Plaintiff contends she encountered four barriers that violate the ADA and the Americans with Disabilities Act Accessibility Guidelines (ADAAG) when visiting EB Property Management: (1) lack of accessible parking spaces, (2) lack of an accessible path of travel to the entrance, (3) un-ramped steps, and (4) and a high threshold for the doorway. (Doc. 1 at 6-7, ¶¶37-46) As Plaintiff observes, a business that provides parking spaces must also provide at least one disabled parking space that is van accessible. See 28 C.F.R., Part 36, ADAAG, §§ 208.2, 208.2.4 (2010). In addition, paths of travel require "accessible routes" without "stairs, steps, or escalators," and "[i]f an accessible route has changes in level greater than 1/2 in[ch] (13 mm), then a curb ramp, ramp, elevator, or platform lift . . . shall be provided." ADDAG § 4.3.8 (1991); § 303.4 (2010). Finally, a threshold cannot exceed 3/4 of an inch, while the threshold at EB Property Management was 1/2 an inch. ADAAG § 404.2.5 (2010). Thus, Plaintiff has carried her burden to identify architectural barriers in violation of the ADA standards at EB Property Management, which denied her full and equal access to the business.
d. Removal of the barriers
Finally, a plaintiff must establish that removal of an architectural barrier "is readily achievable" to state a cognizable claim for a violation of the ADA. See 42 U.S.C. § 12182(b)(2)(A)(iv); Johnson, 2011 WL 5508893 at *2. The term "readily achievable" means it is "easily accomplishable and able to be carried out without much difficulty or expense." Id., § 12181(9). In general, whether removal "is readily achievable" requires the Court to consider:
(A) the nature and cost of the action needed under this Act;42 USCS § 12181(9).
(B) the overall financial resources of the facility or facilities involved in the action; the number of persons employed at such facility; the effect on expenses and resources, or the impact otherwise of such action upon the operation of the facility;
(C) the overall financial resources of the covered entity; the overall size of the business of a covered entity with respect to the number of its employees; the number, type, and location of its facilities; and
(D) the type of operation or operations of the covered entity, including the composition, structure, and functions of the workforce of such entity; the geographic separateness, administrative or fiscal relationship of the facility or facilities in question to the covered entity.

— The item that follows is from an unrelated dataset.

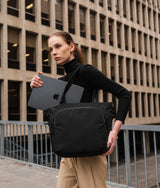 Bravo_Tote_V2_Black_M_WEB-1.jpg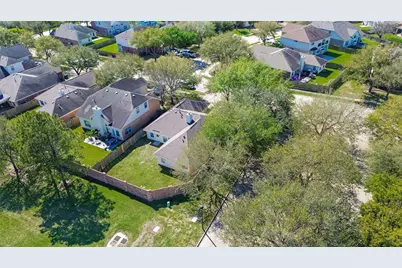 10703 White Bridge Lane, Sugar Land, TX 77498 - Photo 44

Although Plaintiff does not offer any information regarding these factors, the federal regulations make it clear that the barriers identified by Plaintiff are of the type presumed to be readily removable. Under 28 C.F.R. § 36.304(c), examples of "measures to provide access to a place of public accommodation from public sidewalks, parking, or public transportation" include "installing an entrance ramp, widening entrances, and providing accessible parking." Moreover, Plaintiff's allegation that the removal of barriers is readily achievable is sufficient at this juncture. See Johnson v. Hall, 2012 WL 1604715 *3 (E.D. Cal. May 7, 2012) (finding the plaintiff's allegation that the barriers were "readily removable" and that he sought "injunctive relief to remove all readily achievable barriers" satisfied his burden); Johnson v. Beahm, 2011 WL 5508893, *3 (E.D. Cal. Nov. 8, 2011) (holding the plaintiff's allegation that architectural barriers were readily removable was sufficient because it was accepted as true on default); see also Sceper v. Trucks Plus, 2009 WL 3763823 *4 (E.D. Cal. Nov. 3, 2009) (granting default judgment on an ADA claim although the plaintiff did "not specifically allege that removal of barriers was readily achievable," and pled instead that the defendants "were required to remove architectural barriers"). Accordingly, the Court finds removal of the barriers identified by Plaintiff is "readily achievable" within the meaning of the ADA.
e. Conclusion
Based upon the foregoing, the Court finds that Plaintiff has carried the burden to state a prima facie discrimination claim in violation of Title III of the ADA.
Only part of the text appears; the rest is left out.